Oddly, the third server wasn’t exhibiting any of the symptoms that the other two servers were. I had more or less followed the same steps, but one notable difference is this server had gotten a new hostname and IP since the existing Xserve needed to stay up for now to run our VPN. We were already thinking it seemed like some kind of network issue, and now we had one server that didn’t take over an existing IP and hostname and it wasn’t having any of the same problems.
Now that we had figured out the issue, it was just a matter of moving the other two servers we had already setup to new hostnames and IPs. The change only took a couple minutes and we were back in business. Jenkins was showing the response times as low and the clocks in sync. Everything looked great… until a little while later when I got an email notifying me that a build had failed. I looked and sure enough, it was one of our new Mac minis and like the other failures, it happened in the middle of the build. Looking at the Jenkins interface, the slave had now been marked as down as its response times had gotten so bad. I looked to the third server that had shown the initial success and it was still fine. Once again, I was perplexed.

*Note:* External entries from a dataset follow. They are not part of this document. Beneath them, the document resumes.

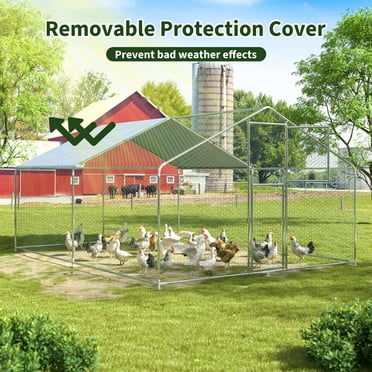 Yamissi Large Metal Chicken Coop with Run, 13.1x9.8x6.6 ft Walk-in Poultry Cage with Waterproof Cover for Yard, Hen House, Duck and Rabbit, Silver
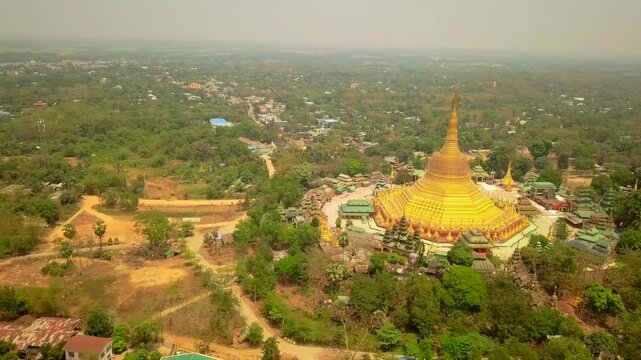  Futuristic aerial view panorama of developing Yangon city , Aerial view of Sule pagoda in downtown, Yangon, Myanmar. Sule Pagoda located in the heart of Yangon, Karaweik royal barge, Kandawgyi Lake, 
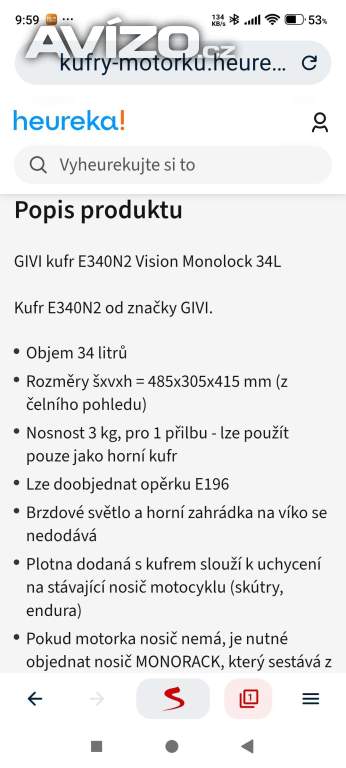 Foto inzerátu Prodám kufr na moto GIVI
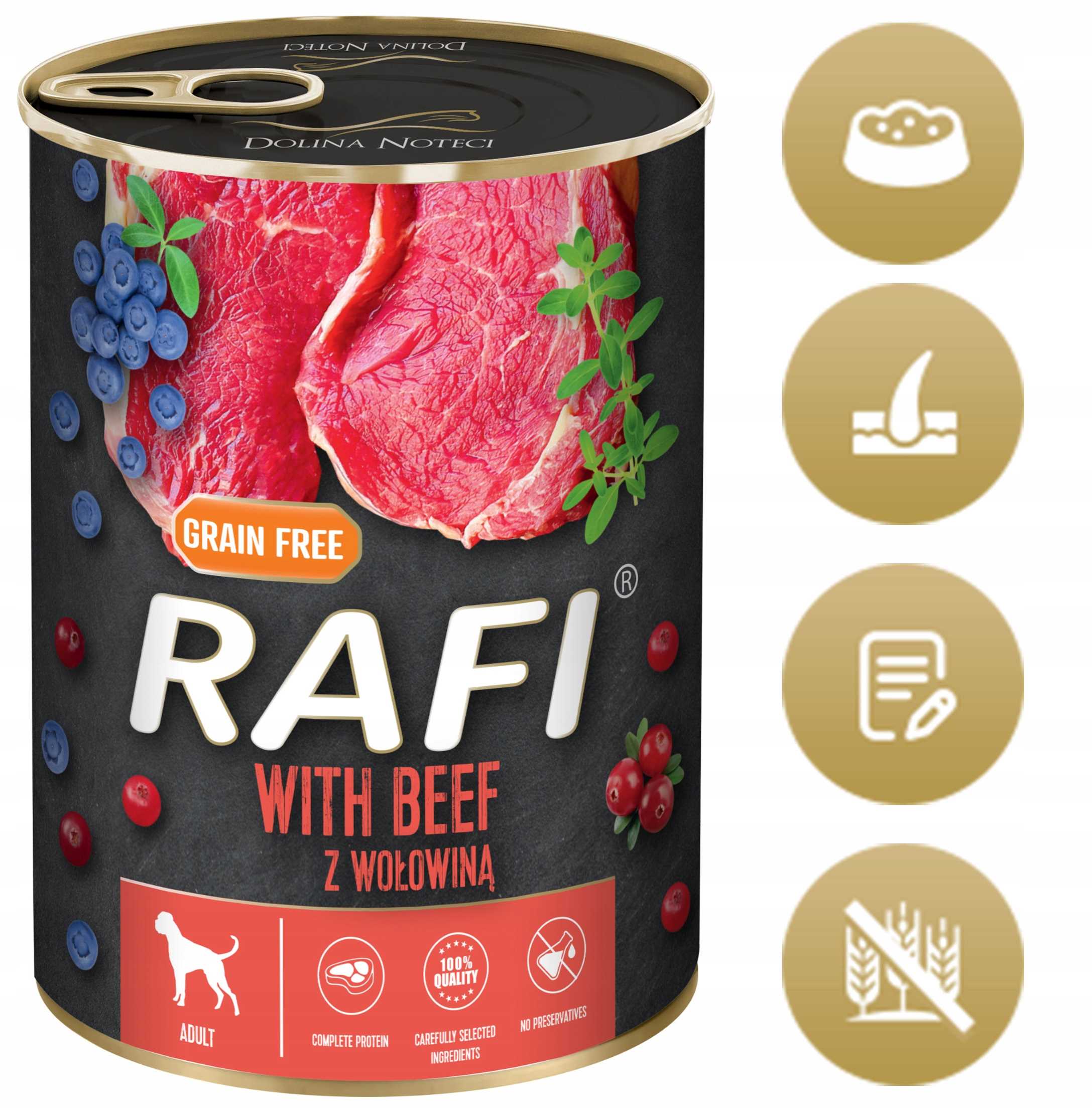 karma mokra dla psów rafi z wołowiną, borówką i żurawiną 400g - 48 szt.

I tried searching online for any clues on what to do about a drifting clock in Jenkins with no luck. I went to an OS X Server room on IRC and asked for help, but was directed to try the Jenkins room. I went to the Jenkins room for help and nobody had any suggestions. I spent the night mulling things over and was running out of ideas.

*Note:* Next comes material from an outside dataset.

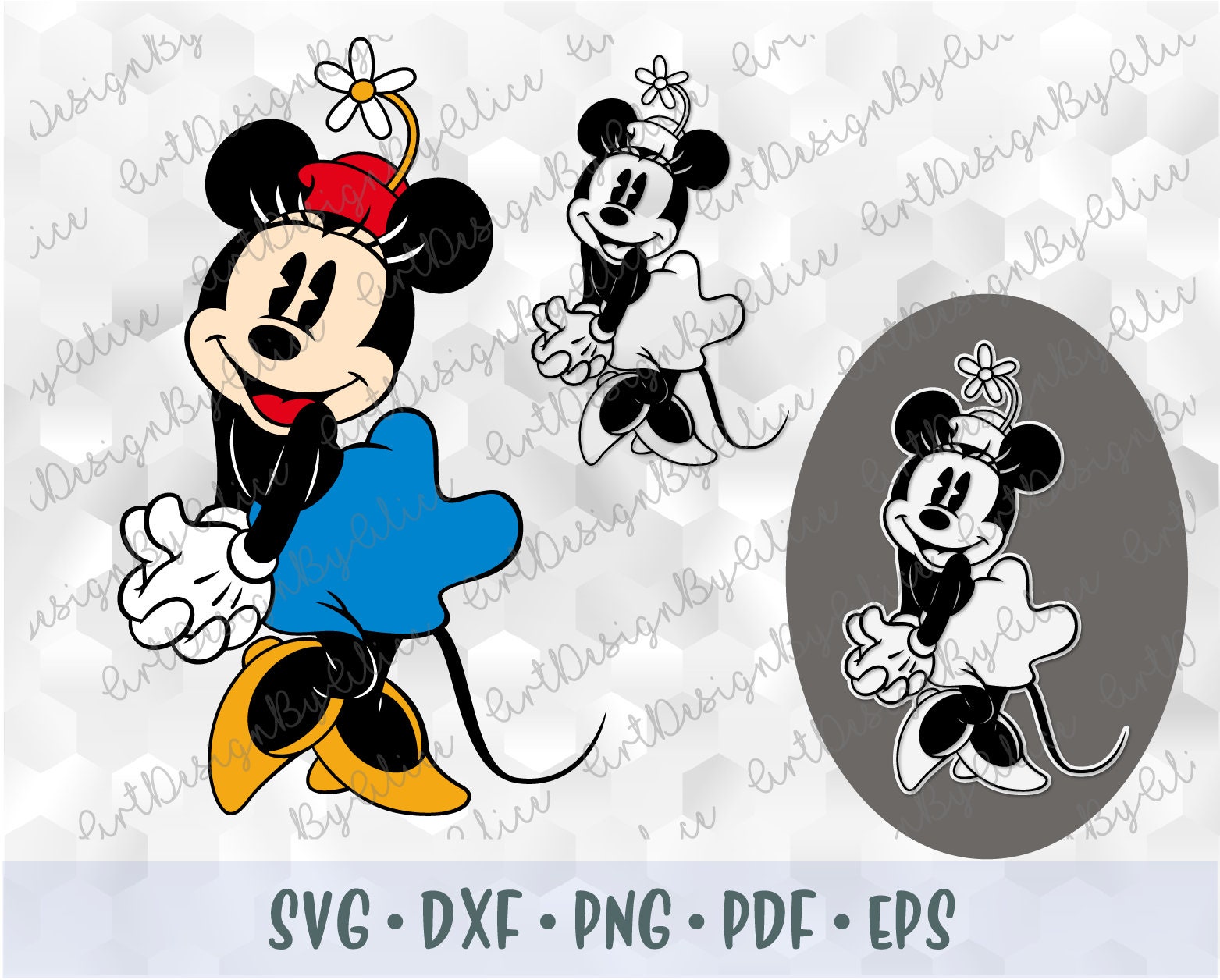 Download SVG PNG Minnie Mouse Vintage Retro Old Style Layered Cut ...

The next morning I talked with Casey, one of our developers who had been helping me try to troubleshoot the issue the last couple of days. Casey had an idea; what about the energy saving preferences? I quickly took a look at the two problematic servers and noticed they were set to put the computer to sleep after 30 minutes of inactivity. I checked the third server and this option was disabled. I quickly disabled the option on the other two servers and wished for the best. Initially things looked better, but I had already been fooled several times with other solutions that initially had good results.
We let the servers go for a few hours and this time the good results actually stuck. That was it; Casey figured it out. In retrospect it all makes sense. Well… almost all of it. The build processes didn’t count as activity because they were running in the background; the OS was relying on mouse/keyboard input to tell it the computer was in use. The reason the third server didn’t have any issues is because one of the settings that persisted across the reinstallation was the Xserve’s Energy Saver preferences. The Xserve’s seemed to have shipped with a much saner default of “Never” for the computer sleep option. I still don’t quite understand the symptoms of showing the clock as drifting ahead or why the response time appeared slow rather than just non-existant. Regardless, this was a much harder lesson to learn than it probably should have been. It should have occurred to us much sooner to check the Energy Saver preferences, but I do hope that Apple will change the default on the Mac mini servers to have these preferences disabled and save others the trouble and confusion. I don’t imagine that many people out there running servers want them going to sleep every 30 minutes.
tl;dr: Mac mini servers running as build servers had symptoms of slow response times with Jenkins, Jenkins reporting their system clocks as ahead, and builds failing at random points, but not all the time. This was fixed by changing the Mac mini server Energy Saver preferences from the default of putting it to sleep after 30 minutes of inactivity, to never putting it to sleep.